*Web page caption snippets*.
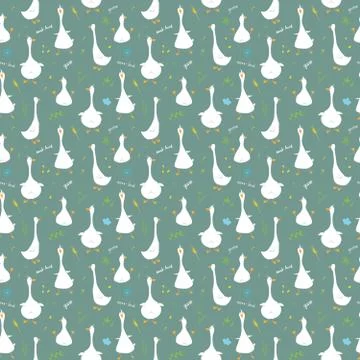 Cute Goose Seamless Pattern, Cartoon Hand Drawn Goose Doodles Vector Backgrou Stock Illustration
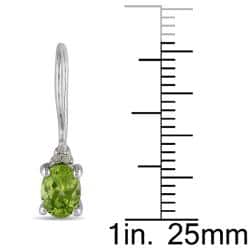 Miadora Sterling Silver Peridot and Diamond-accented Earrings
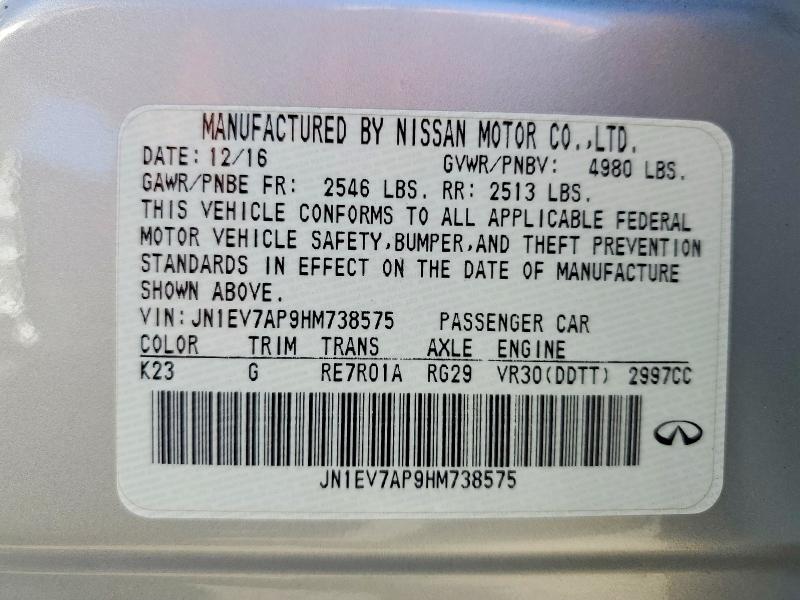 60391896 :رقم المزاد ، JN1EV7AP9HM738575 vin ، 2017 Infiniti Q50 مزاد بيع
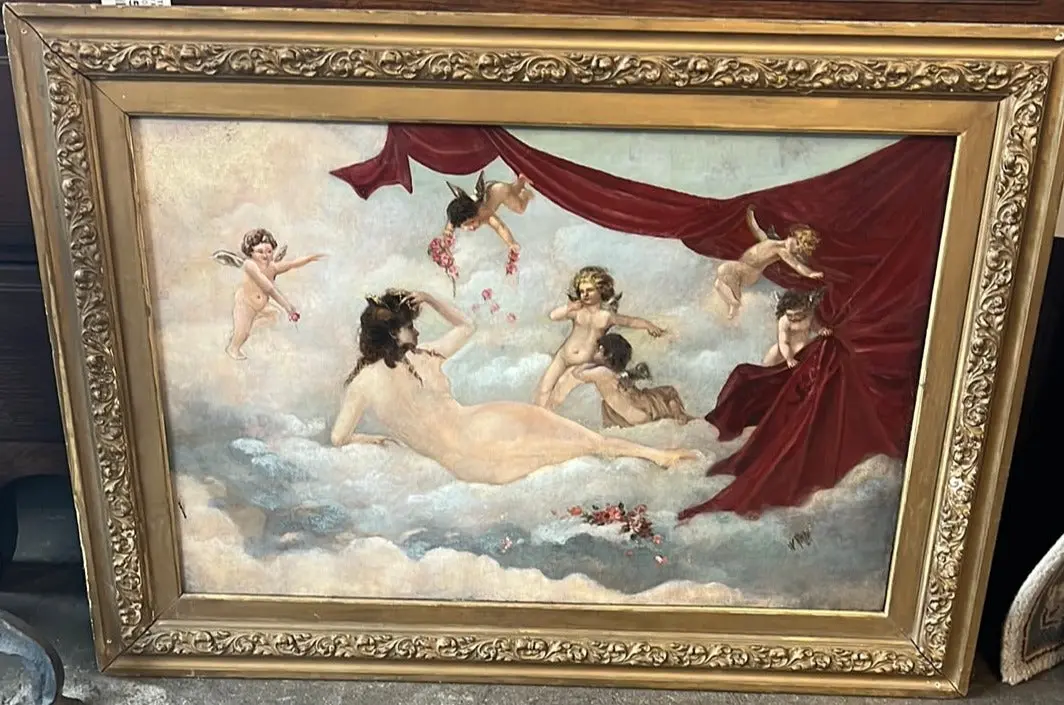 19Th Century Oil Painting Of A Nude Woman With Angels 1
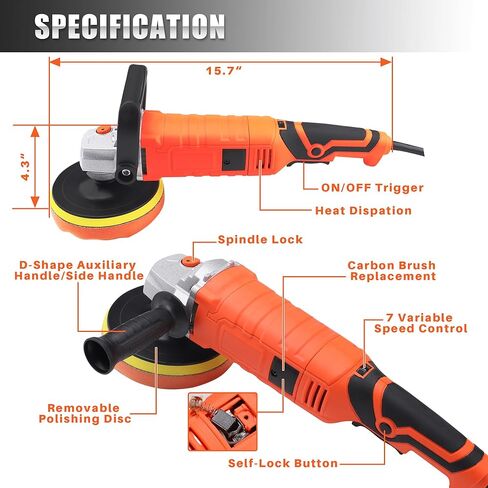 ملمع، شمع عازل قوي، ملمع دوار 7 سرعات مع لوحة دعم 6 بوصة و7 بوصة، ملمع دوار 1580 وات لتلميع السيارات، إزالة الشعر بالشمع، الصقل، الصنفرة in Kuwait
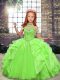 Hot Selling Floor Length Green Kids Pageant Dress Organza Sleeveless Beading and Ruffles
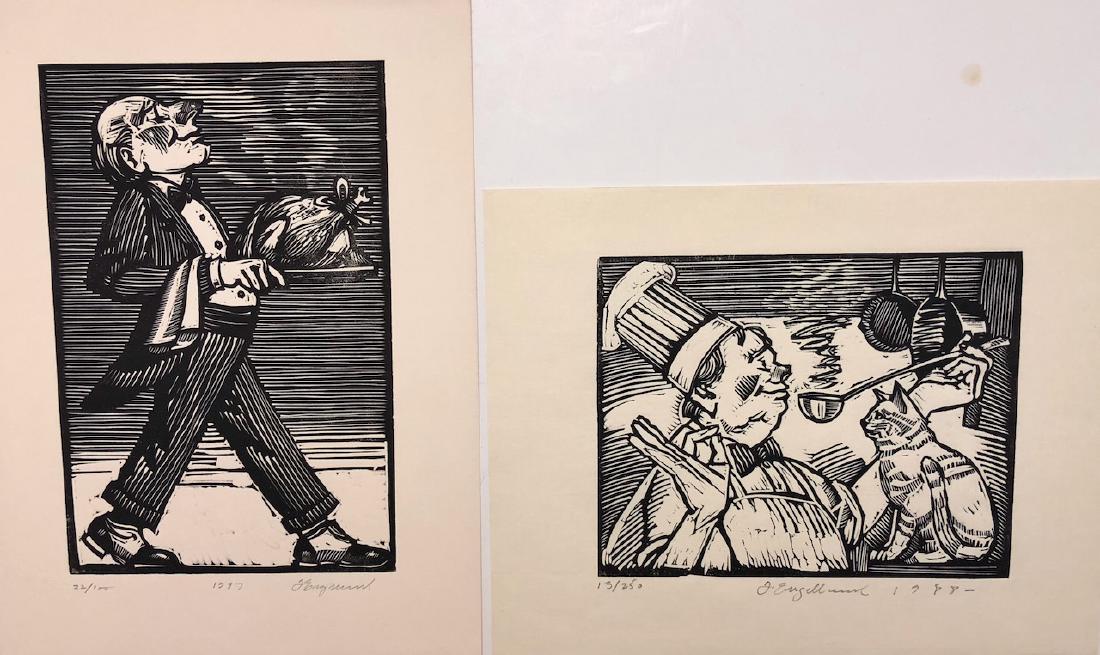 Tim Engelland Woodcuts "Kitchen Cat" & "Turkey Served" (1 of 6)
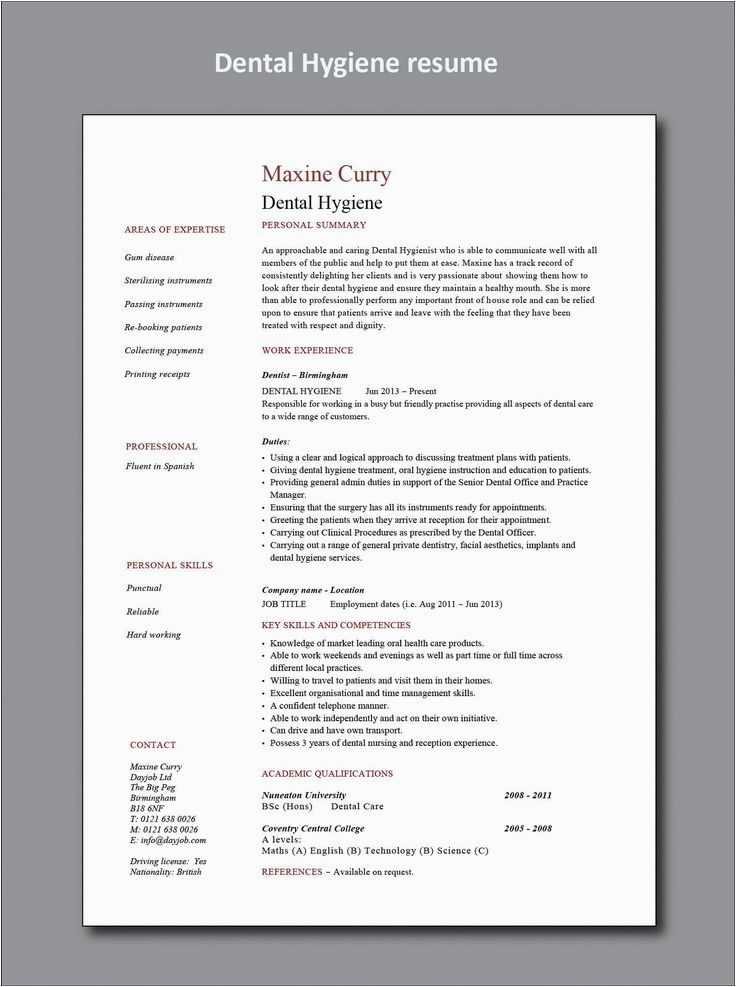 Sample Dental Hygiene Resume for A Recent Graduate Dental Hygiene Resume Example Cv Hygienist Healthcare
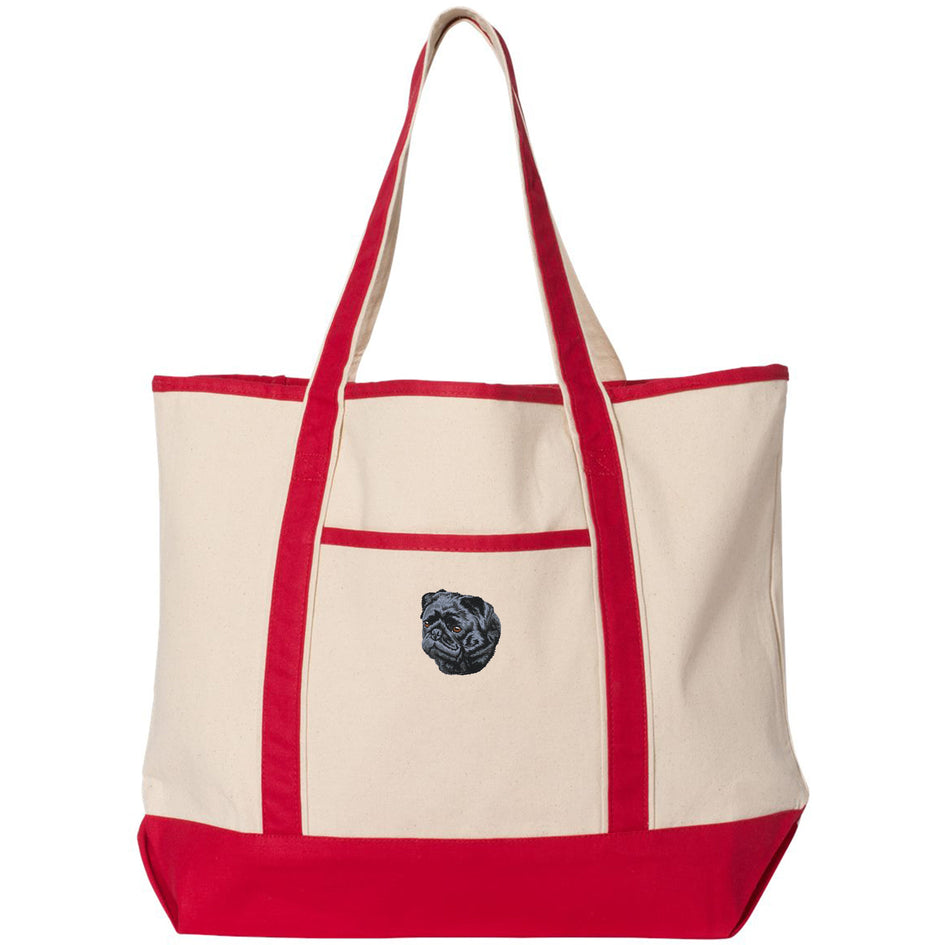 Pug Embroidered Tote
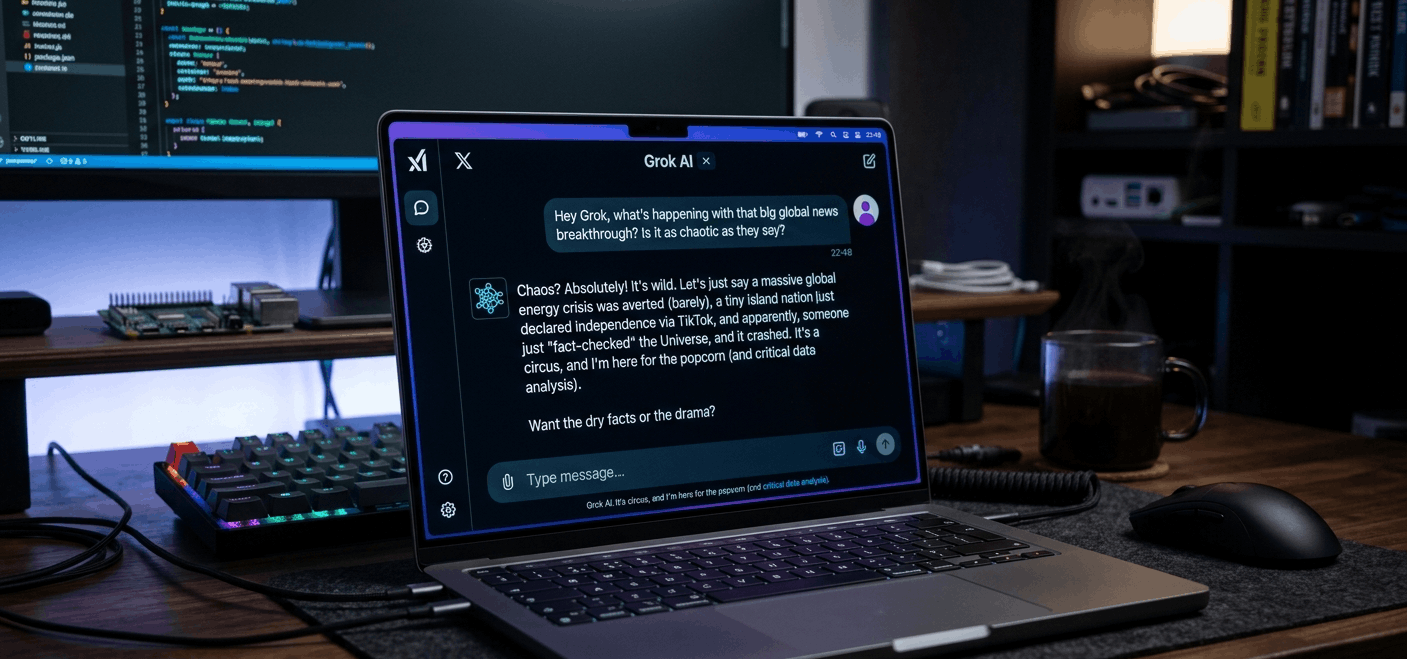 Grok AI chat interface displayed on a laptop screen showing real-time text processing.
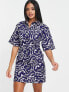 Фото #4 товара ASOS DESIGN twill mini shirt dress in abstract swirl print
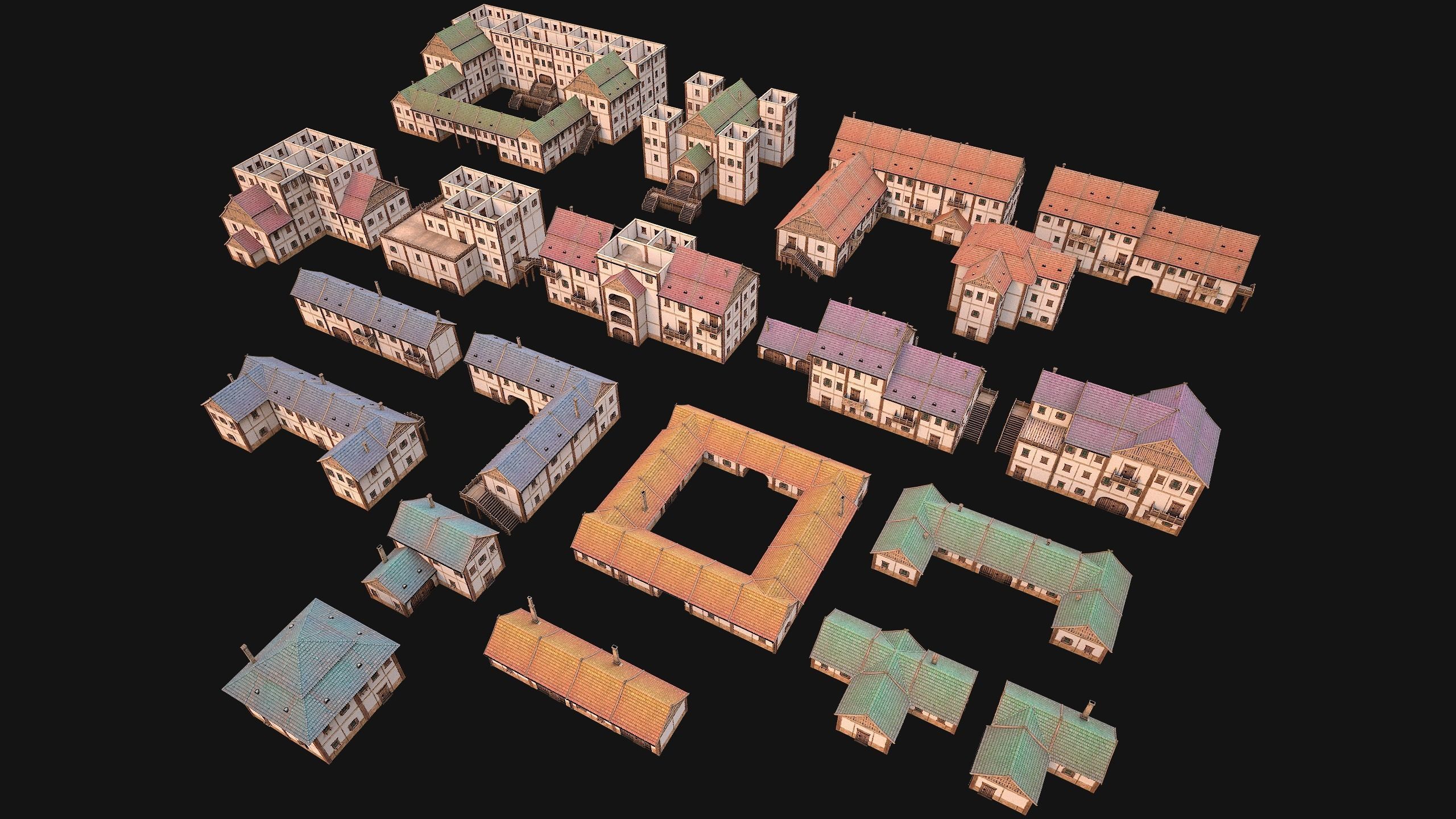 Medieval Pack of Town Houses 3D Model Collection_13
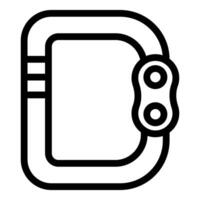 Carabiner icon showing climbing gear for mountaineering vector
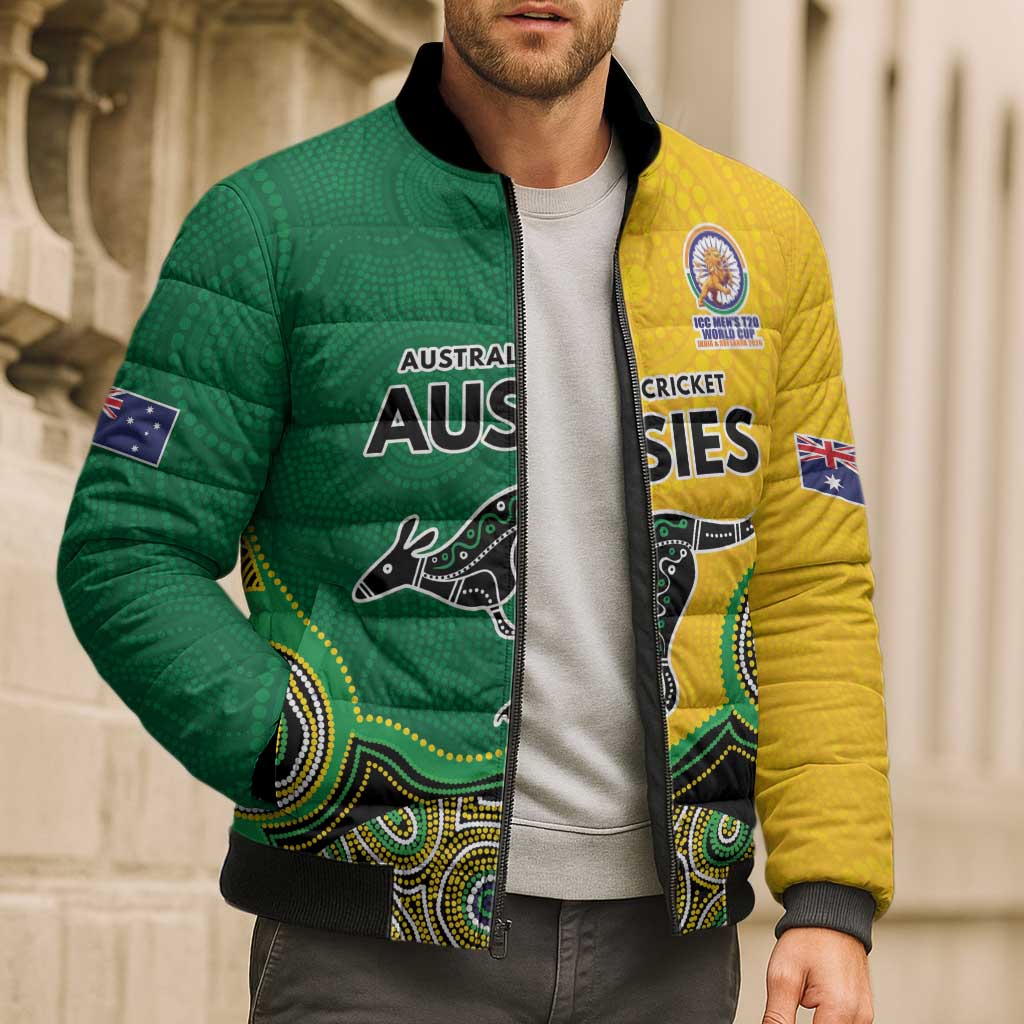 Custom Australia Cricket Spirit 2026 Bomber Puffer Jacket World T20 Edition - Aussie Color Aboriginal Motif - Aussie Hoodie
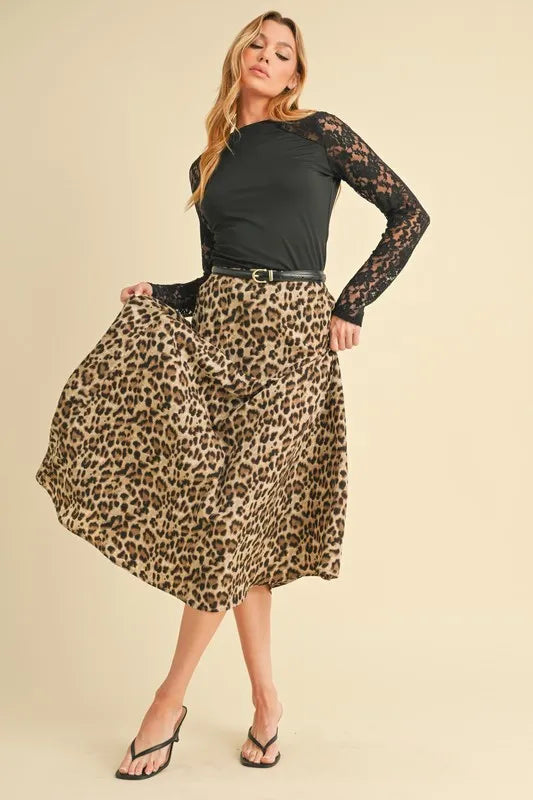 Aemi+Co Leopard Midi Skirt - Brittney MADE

*Task goal*. Your copy must match the records above word for word and contain no pictures.

*Result of the exercise*.
 Cute Goose Seamless Pattern, Cartoon Hand Drawn Goose Doodles Vector Backgrou Stock Illustration
 Miadora Sterling Silver Peridot and Diamond-accented Earrings
 60391896 :رقم المزاد ، JN1EV7AP9HM738575 vin ، 2017 Infiniti Q50 مزاد بيع
 19Th Century Oil Painting Of A Nude Woman With Angels 1
 ملمع، شمع عازل قوي، ملمع دوار 7 سرعات مع لوحة دعم 6 بوصة و7 بوصة، ملمع دوار 1580 وات لتلميع السيارات، إزالة الشعر بالشمع، الصقل، الصنفرة in Kuwait
 Hot Selling Floor Length Green Kids Pageant Dress Organza Sleeveless Beading and Ruffles
 Tim Engelland Woodcuts "Kitchen Cat" & "Turkey Served" (1 of 6)
 Sample Dental Hygiene Resume for A Recent Graduate Dental Hygiene Resume Example Cv Hygienist Healthcare
 Pug Embroidered Tote
 Grok AI chat interface displayed on a laptop screen showing real-time text processing.
 Фото #4 товара ASOS DESIGN twill mini shirt dress in abstract swirl print
 Medieval Pack of Town Houses 3D Model Collection_13
 Carabiner icon showing climbing gear for mountaineering vector
 Custom Australia Cricket Spirit 2026 Bomber Puffer Jacket World T20 Edition - Aussie Color Aboriginal Motif - Aussie Hoodie
 Aemi+Co Leopard Midi Skirt - Brittney MADE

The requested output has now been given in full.